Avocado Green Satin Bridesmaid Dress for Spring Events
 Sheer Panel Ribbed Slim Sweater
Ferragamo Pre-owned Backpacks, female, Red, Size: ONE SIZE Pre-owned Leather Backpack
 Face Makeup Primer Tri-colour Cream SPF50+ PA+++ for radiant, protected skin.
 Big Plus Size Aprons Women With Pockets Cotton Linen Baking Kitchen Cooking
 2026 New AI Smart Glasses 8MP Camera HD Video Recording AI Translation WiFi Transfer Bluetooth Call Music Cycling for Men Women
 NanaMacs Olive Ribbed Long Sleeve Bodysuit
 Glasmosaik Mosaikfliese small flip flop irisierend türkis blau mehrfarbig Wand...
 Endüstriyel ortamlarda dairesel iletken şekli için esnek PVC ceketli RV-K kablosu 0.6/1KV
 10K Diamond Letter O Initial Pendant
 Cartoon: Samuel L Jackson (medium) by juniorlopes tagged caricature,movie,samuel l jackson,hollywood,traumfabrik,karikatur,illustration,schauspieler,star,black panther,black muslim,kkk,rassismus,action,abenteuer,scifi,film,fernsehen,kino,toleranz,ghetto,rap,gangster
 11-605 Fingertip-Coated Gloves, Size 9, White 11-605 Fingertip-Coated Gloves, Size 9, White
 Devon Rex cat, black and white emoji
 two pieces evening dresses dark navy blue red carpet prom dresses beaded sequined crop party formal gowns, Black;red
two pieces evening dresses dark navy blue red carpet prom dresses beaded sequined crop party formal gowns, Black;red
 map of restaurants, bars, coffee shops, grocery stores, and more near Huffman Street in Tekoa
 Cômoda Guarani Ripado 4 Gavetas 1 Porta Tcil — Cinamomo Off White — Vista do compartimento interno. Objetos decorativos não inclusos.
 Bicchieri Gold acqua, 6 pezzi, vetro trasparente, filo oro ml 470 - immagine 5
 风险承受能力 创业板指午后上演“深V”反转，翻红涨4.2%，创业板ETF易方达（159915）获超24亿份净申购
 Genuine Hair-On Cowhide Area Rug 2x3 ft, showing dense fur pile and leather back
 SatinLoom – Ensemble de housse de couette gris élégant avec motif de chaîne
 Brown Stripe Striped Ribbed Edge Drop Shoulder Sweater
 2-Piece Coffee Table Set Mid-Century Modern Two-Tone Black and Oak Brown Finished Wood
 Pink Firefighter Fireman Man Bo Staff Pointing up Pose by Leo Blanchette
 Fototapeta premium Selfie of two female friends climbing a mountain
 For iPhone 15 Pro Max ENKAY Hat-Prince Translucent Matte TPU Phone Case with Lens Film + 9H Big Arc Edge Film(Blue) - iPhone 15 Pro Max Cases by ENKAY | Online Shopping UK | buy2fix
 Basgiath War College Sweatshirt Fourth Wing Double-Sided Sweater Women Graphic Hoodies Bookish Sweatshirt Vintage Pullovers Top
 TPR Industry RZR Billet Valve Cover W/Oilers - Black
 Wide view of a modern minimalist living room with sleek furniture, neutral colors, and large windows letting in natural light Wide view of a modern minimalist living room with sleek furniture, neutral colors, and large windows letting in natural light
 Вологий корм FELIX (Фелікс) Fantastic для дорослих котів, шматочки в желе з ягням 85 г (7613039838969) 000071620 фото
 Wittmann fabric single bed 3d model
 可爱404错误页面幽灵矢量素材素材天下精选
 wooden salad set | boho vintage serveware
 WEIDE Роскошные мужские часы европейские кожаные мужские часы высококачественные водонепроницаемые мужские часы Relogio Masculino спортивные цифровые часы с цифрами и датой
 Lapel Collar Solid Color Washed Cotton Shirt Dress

═══

After locating the line that holds "Brown Stripe Striped", print it and each line after it through the end of the data, exactly as it stands.

OUTPUT BELOW |
 Brown Stripe Striped Ribbed Edge Drop Shoulder Sweater
 2-Piece Coffee Table Set Mid-Century Modern Two-Tone Black and Oak Brown Finished Wood
 Pink Firefighter Fireman Man Bo Staff Pointing up Pose by Leo Blanchette
 Fototapeta premium Selfie of two female friends climbing a mountain
 For iPhone 15 Pro Max ENKAY Hat-Prince Translucent Matte TPU Phone Case with Lens Film + 9H Big Arc Edge Film(Blue) - iPhone 15 Pro Max Cases by ENKAY | Online Shopping UK | buy2fix
 Basgiath War College Sweatshirt Fourth Wing Double-Sided Sweater Women Graphic Hoodies Bookish Sweatshirt Vintage Pullovers Top
 TPR Industry RZR Billet Valve Cover W/Oilers - Black
 Wide view of a modern minimalist living room with sleek furniture, neutral colors, and large windows letting in natural light Wide view of a modern minimalist living room with sleek furniture, neutral colors, and large windows letting in natural light
 Вологий корм FELIX (Фелікс) Fantastic для дорослих котів, шматочки в желе з ягням 85 г (7613039838969) 000071620 фото
 Wittmann fabric single bed 3d model
 可爱404错误页面幽灵矢量素材素材天下精选
 wooden salad set | boho vintage serveware
 WEIDE Роскошные мужские часы европейские кожаные мужские часы высококачественные водонепроницаемые мужские часы Relogio Masculino спортивные цифровые часы с цифрами и датой
 Lapel Collar Solid Color Washed Cotton Shirt Dress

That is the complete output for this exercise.